The show takes place before a studio audience, most of whom appear transfixed and charmed as Torres brings scraps of paper to life by describing them as players in a “Flintstones” episode, conjuring up a deep-seated conflict between Fred and Betty that we never knew existed … until now.
Torres’ specialty is projecting complicated feelings, relationship traumas, self-esteem issues and failed career tracts on his subjects, and his targets on the comedy special range from a weathered McDonald’s Happy Meal toy to a piece of bent wire to a couple of Ferrero Rocher chocolate orbs.
Sometimes he tells stories of his own childhood as a boy who performed rituals on damaged toys, transferring their souls to a new “vessel,” or as an immigrant who does what he does onstage because “no one else wanted the job.”
The special’s minimalist-meets-space-age-modern set — clear Plexiglas, neon swipes and white Formica — was designed by his mother and sister. They also designed his weird translucent plastic shoes.
Other contributors to the show include Lin-Manuel Miranda, who provides the Spanish-speaking voice of the cactus; Ryan Gosling as the Blue Penguin; and Emma Stone as the Shoe. Each subject gets its own short breakout video, where it ponders the purpose, or futility, of its existence.
Torres got his start in the Brooklyn comedy scene after emigrating to New York a decade ago. He began posting skits on YouTube and eventually broke through as a stand-up comedian, landing regular appearances on “The Tonight Show.” He joined “SNL’s” writing team two years ago, before co-creating “Los Espookys.”
In the quirky comedy series, which is inspired by “Scooby-Doo” (Torres talks about his love of cartoons throughout “My Favorite Shapes”), he plays the blue-haired Andres, heir to a chocolate fortune and part of a gang of misfits who arrange spooky happenings for paying customers.
They’re hired by a priest who needs to fake a successful exorcism in order to stay relevant among his younger rivals, and a mayor who hopes to boost tourism in his town with sudden sea monster sightings.

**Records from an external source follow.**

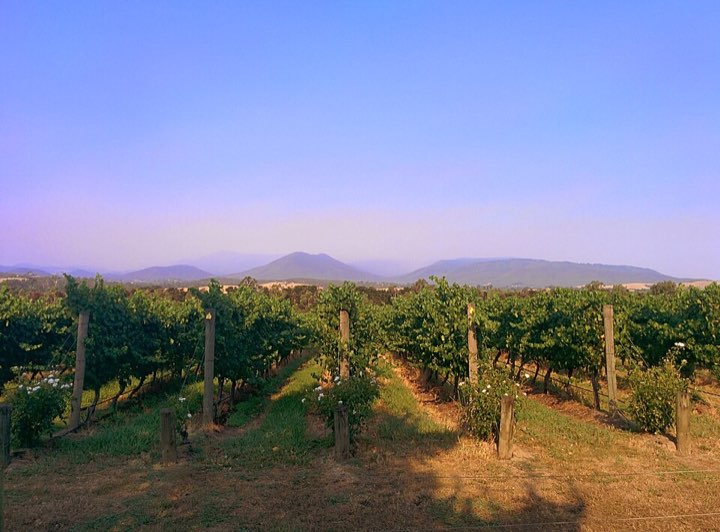 Rows of vines at a Yarra Valley vineyard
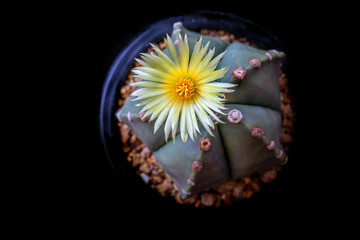 Beautiful blooming yellow petal Astrophytum cactus flower on black background.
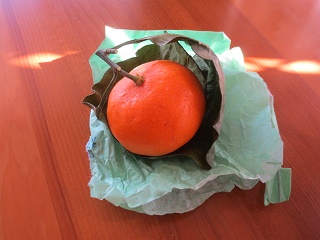 f0248616_9182953.jpg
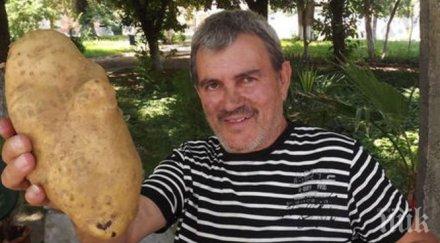 мутирал картоф извадиха санданско село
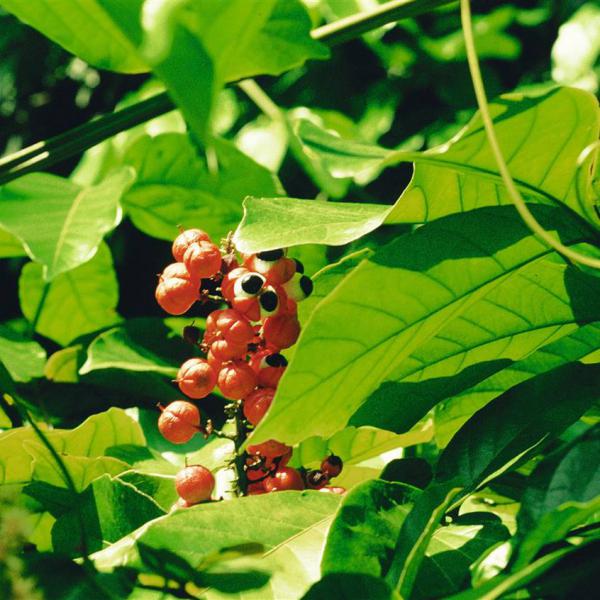 4 plantas que combaten la depresi&oacute;n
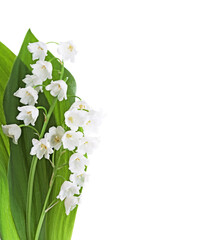Two sprigs of  Lily of the Valley with green leaves isolated on white background.  Selective focus.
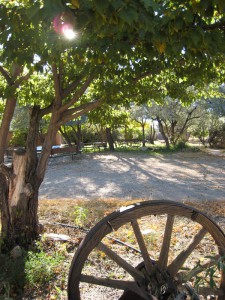 Synergia Ranch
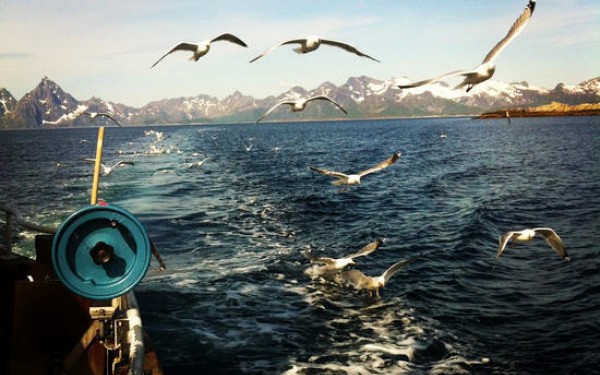 Ute på fiske. Foto: Karin Marie Antonsen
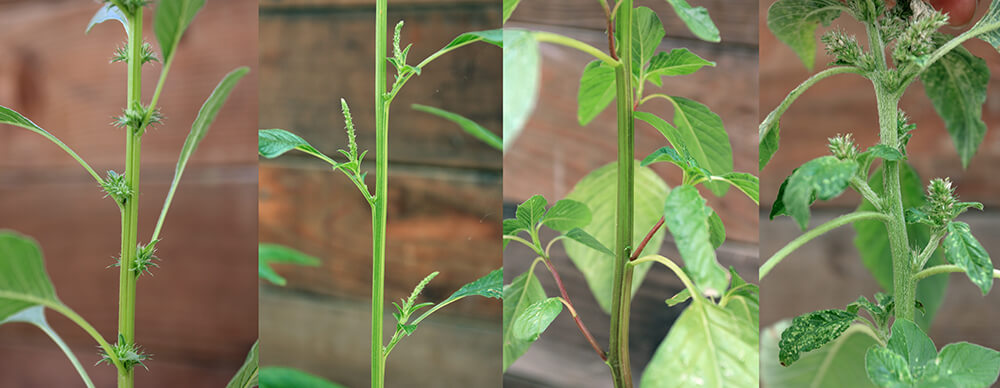 amaranth female stem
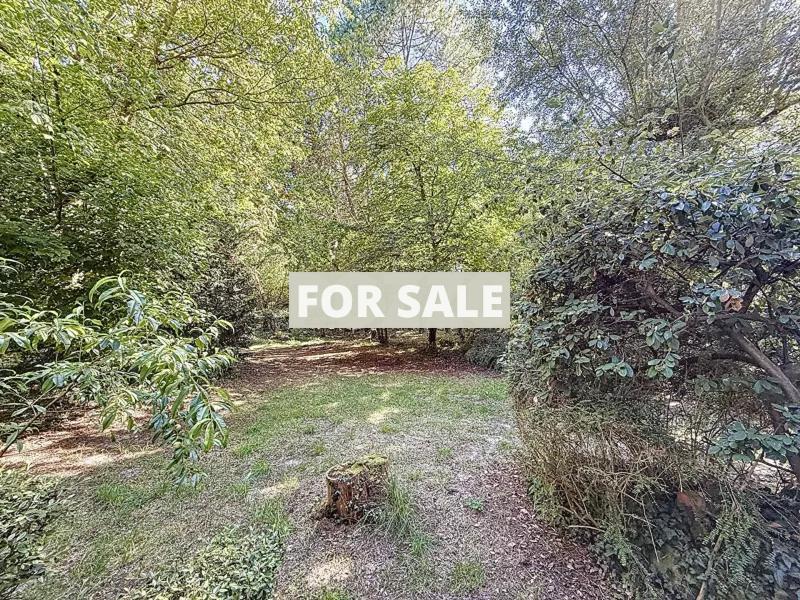 Detached House with Mature Garden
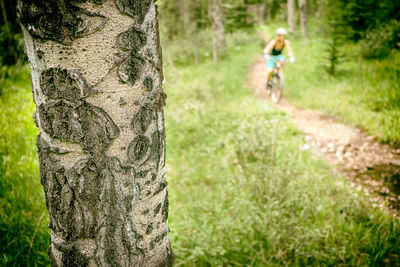 Rear view of a man climbing tree trunk in forest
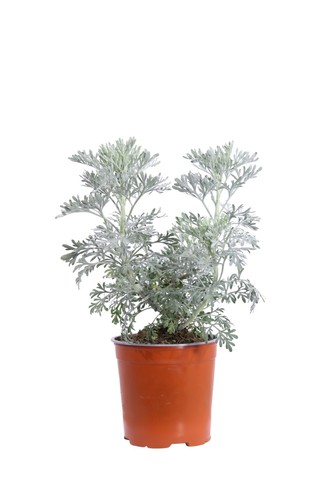 Pianta vera artemisia - pianta,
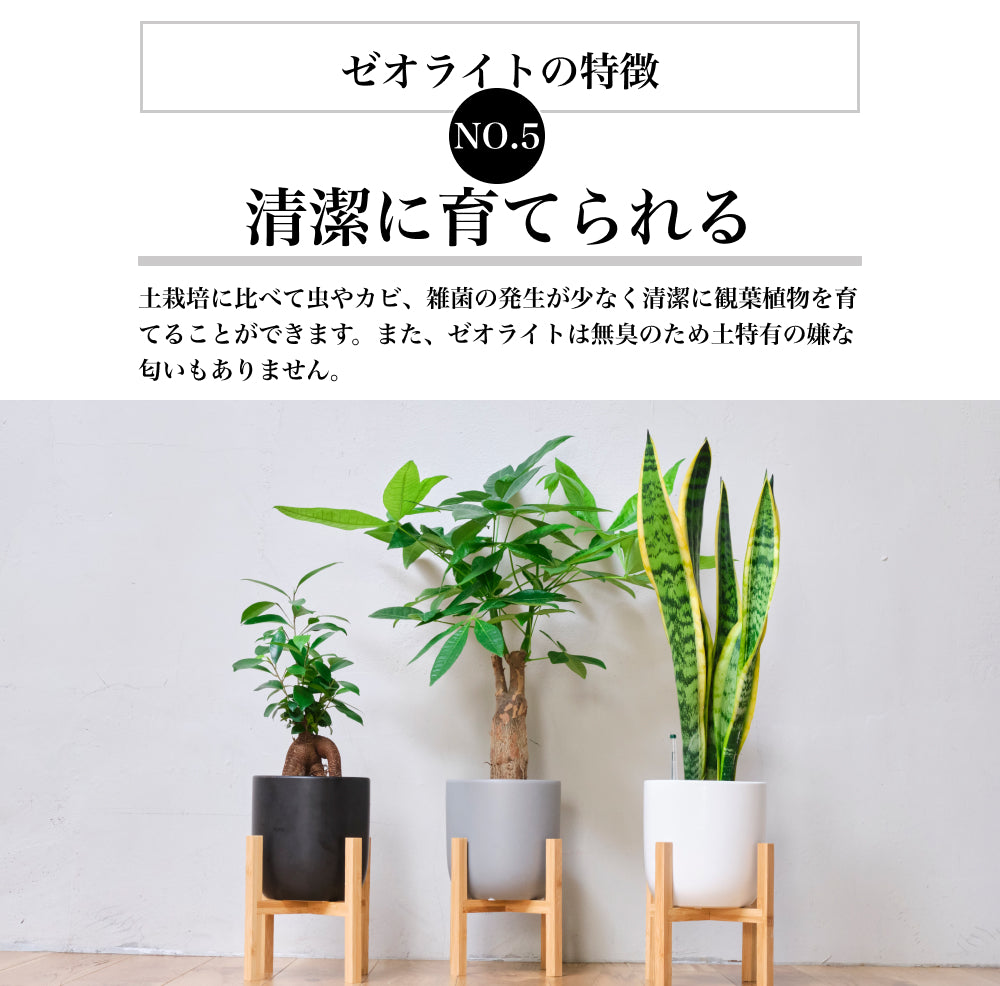 ゼオライト 2L 国産 天然 吸着 水質浄化 園芸 水槽 ハイドロカルチャー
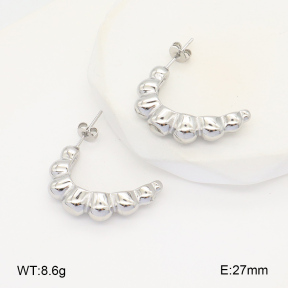 2E2005965vbnb-686  Stainless Steel Earrings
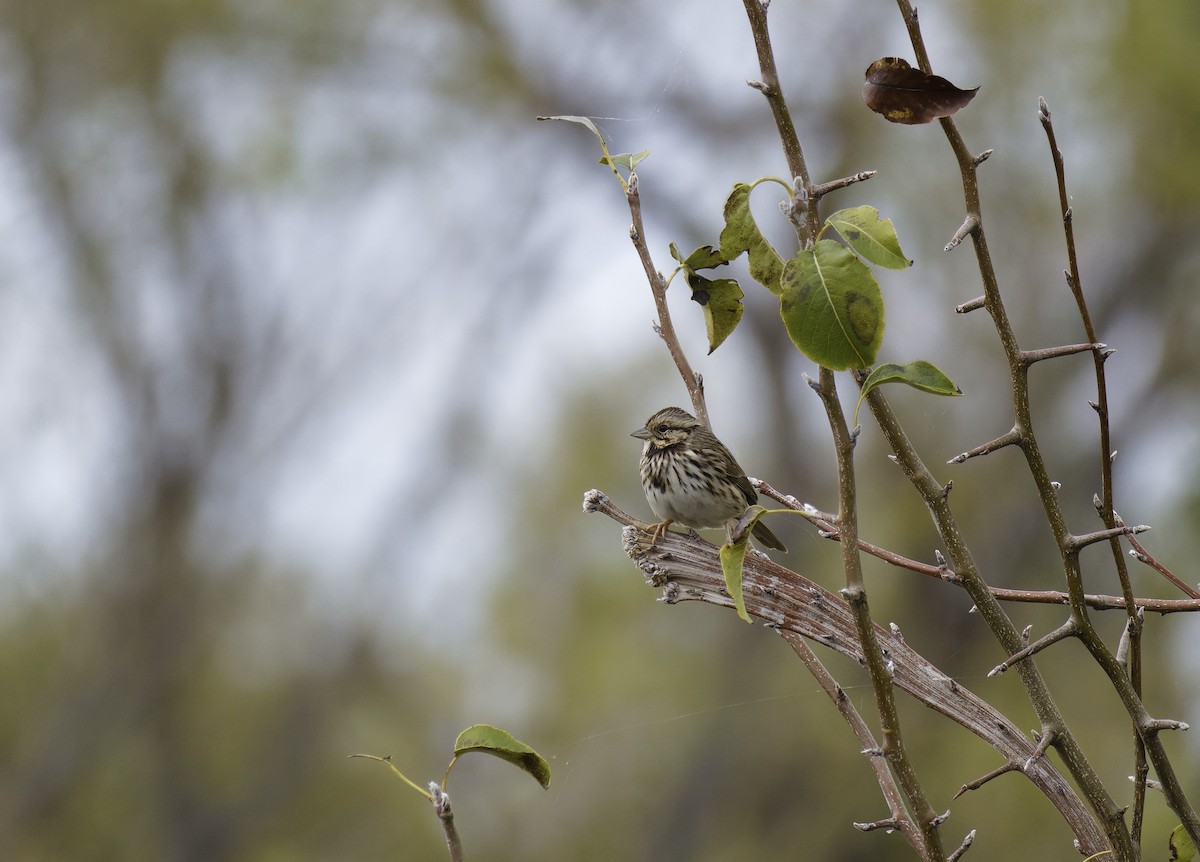 Song Sparrow - ML646406172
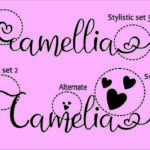 Camellia Font Poster 3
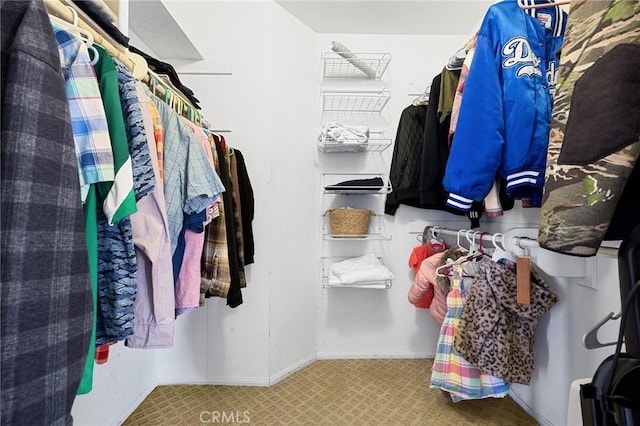 3143 Tourmaline Ln, Palmdale, CA 93550 - view of walk in closet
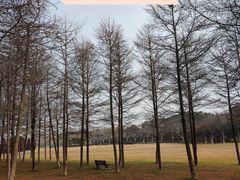 -宜兴龙背山森林公园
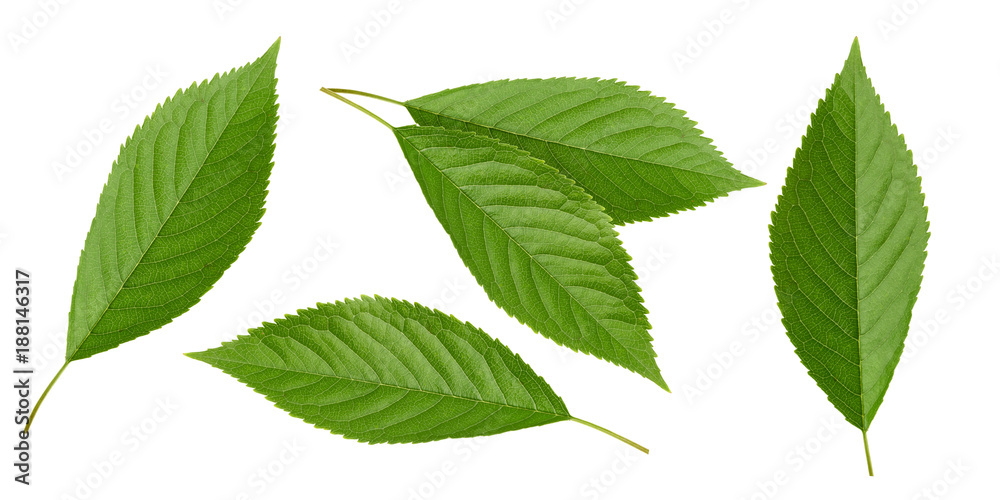 Cherry leaves isolated without shadow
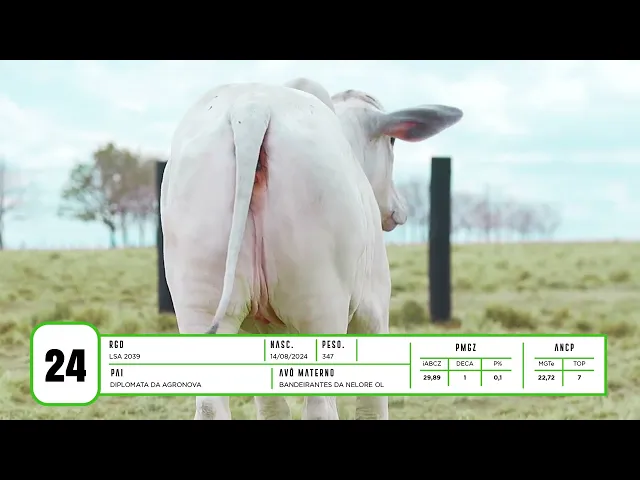 Novilha Nelore LSA - 2039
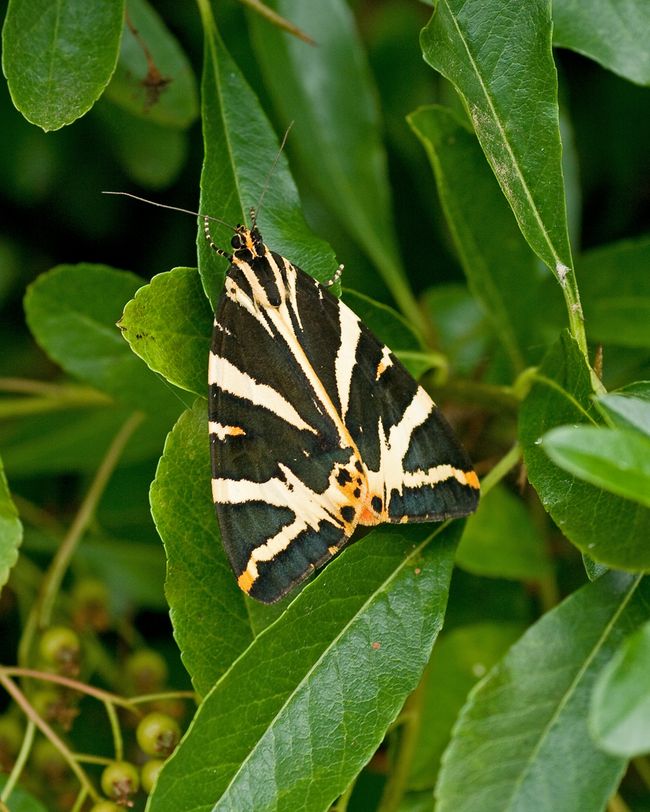 Jersey TigerMoth
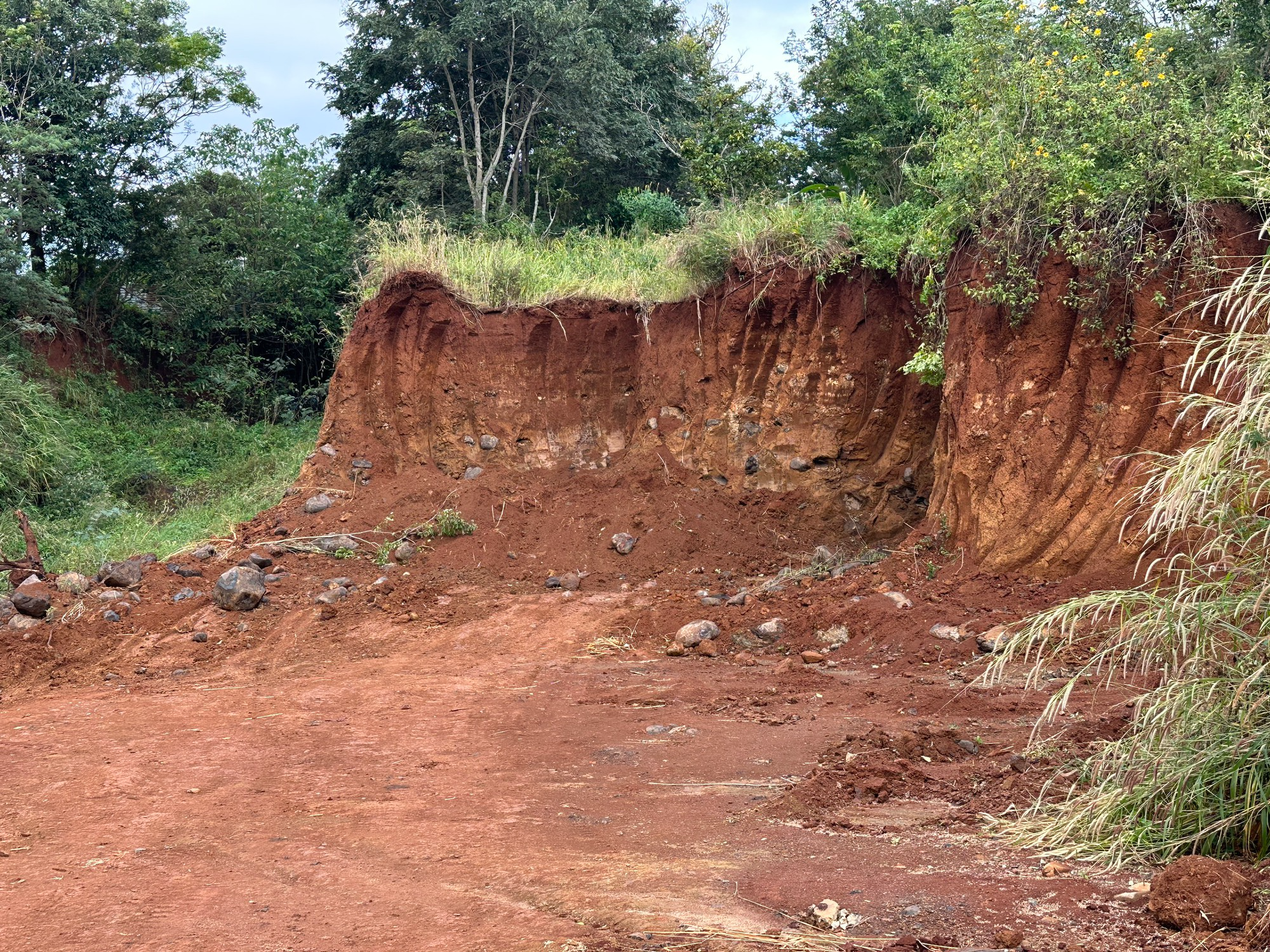 Ngang nhiên khai thác đất trái phép, thách thức cơ quan chức năng ở Đắk Lắk?- Ảnh 7.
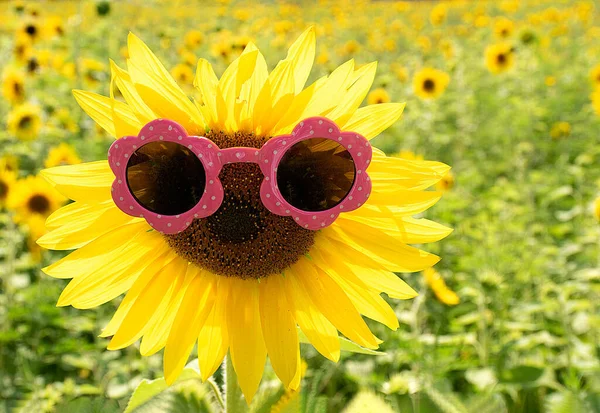 Yellow Sunflower Wearing Pink White Polka Dot Sunglasses Rural Field — Fotografia de Stock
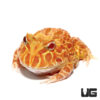 Apricot Pacman Frog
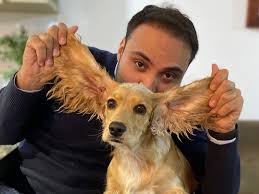 Fundraiser by Fernando Vasconcelos : No Cargo for Summer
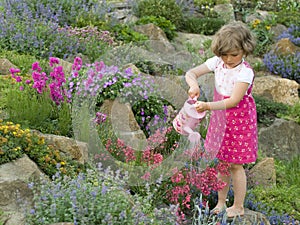 Carino irrigazione fiore giardino 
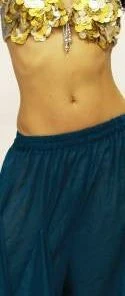 Bellydance Skirt Harem Pants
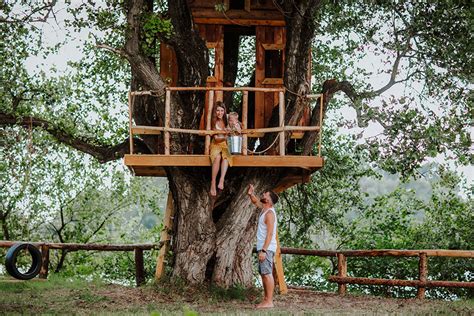 What Are the Best Trees for Building a Treehouse?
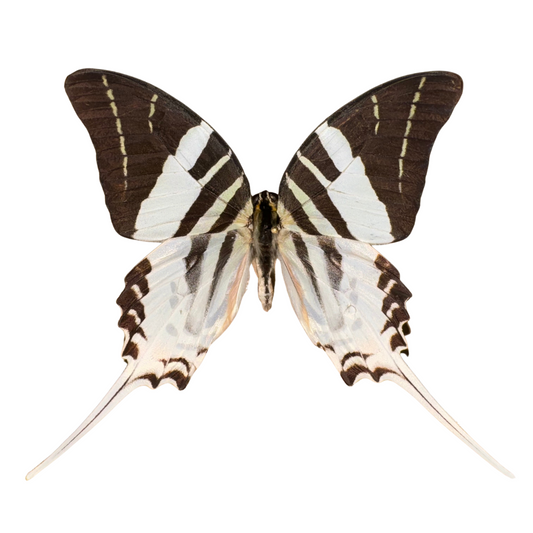 Five-Bar Swordtail Entomology Kit Expansion Pack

The performer’s multifaceted approach to comedy doesn’t exactly fit in one box, square, oval or cactus pot. “My Favorite Shapes by Julio Torres” is a great example of how this odd upstart is a master at spinning the mundane and morose into defiantly unique comedy.
Everything has a bittersweet back story in Torres’ world, even if it arrives mangled, on a conveyor belt. And all of it, no matter how sad, is funny.